*** Material for this task ***
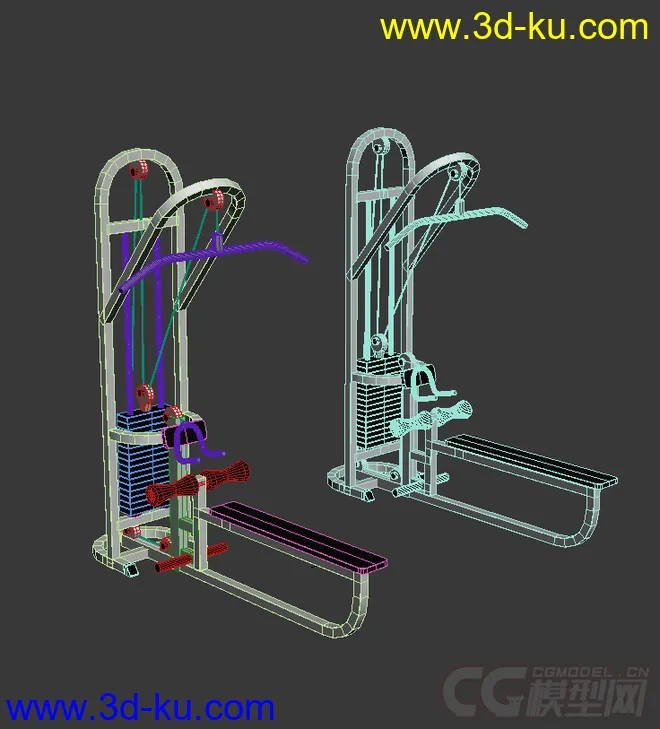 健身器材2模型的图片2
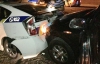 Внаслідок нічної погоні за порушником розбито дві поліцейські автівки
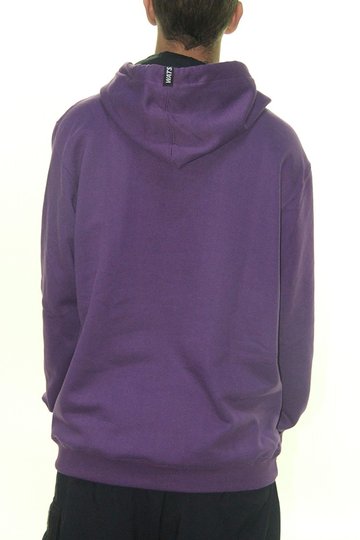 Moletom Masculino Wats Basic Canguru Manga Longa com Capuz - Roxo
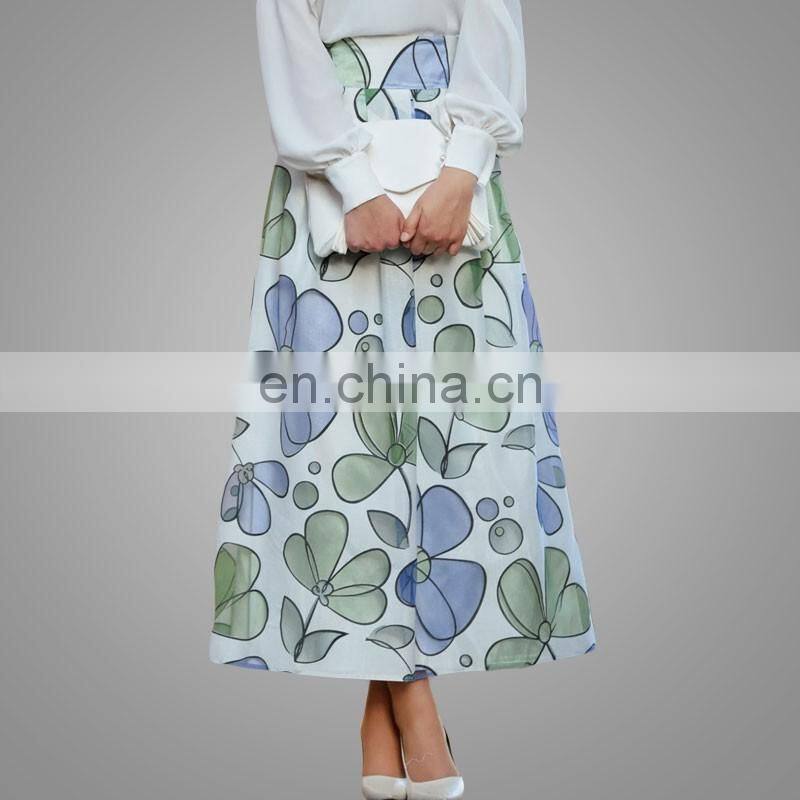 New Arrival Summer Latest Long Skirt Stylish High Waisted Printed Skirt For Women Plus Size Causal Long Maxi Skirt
*** End of Material for this task ***
*** Material for this task ***
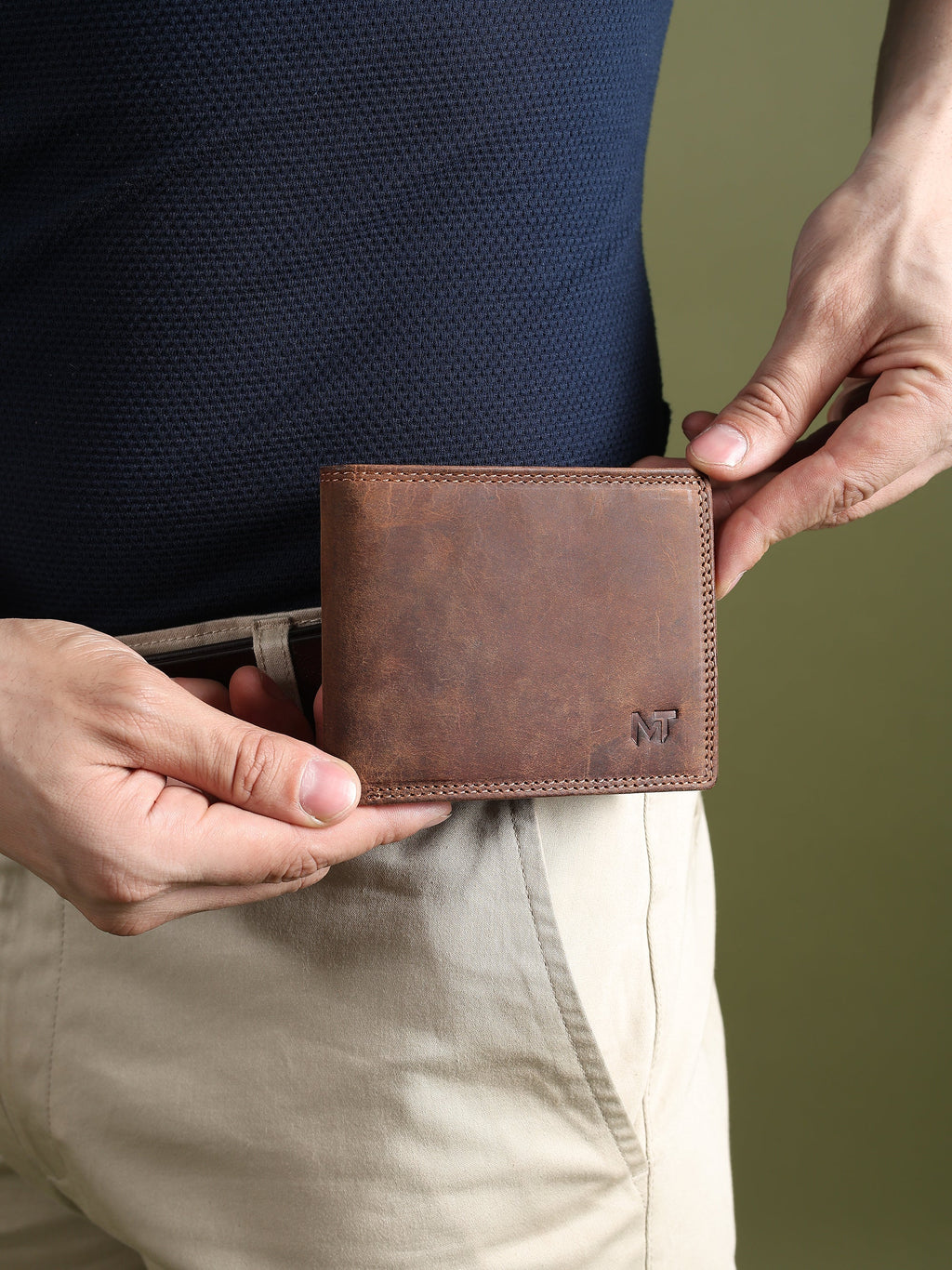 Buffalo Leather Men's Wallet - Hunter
*** End of Material for this task ***
* What is required
Within the listing above, the lines from the one with "Внаслідок нічної погоні" through the one with "New Arrival Summer" are to be given again word for word. Do not include pictures.

* Expected answer
 Внаслідок нічної погоні за порушником розбито дві поліцейські автівки
 Moletom Masculino Wats Basic Canguru Manga Longa com Capuz - Roxo
 New Arrival Summer Latest Long Skirt Stylish High Waisted Printed Skirt For Women Plus Size Causal Long Maxi Skirt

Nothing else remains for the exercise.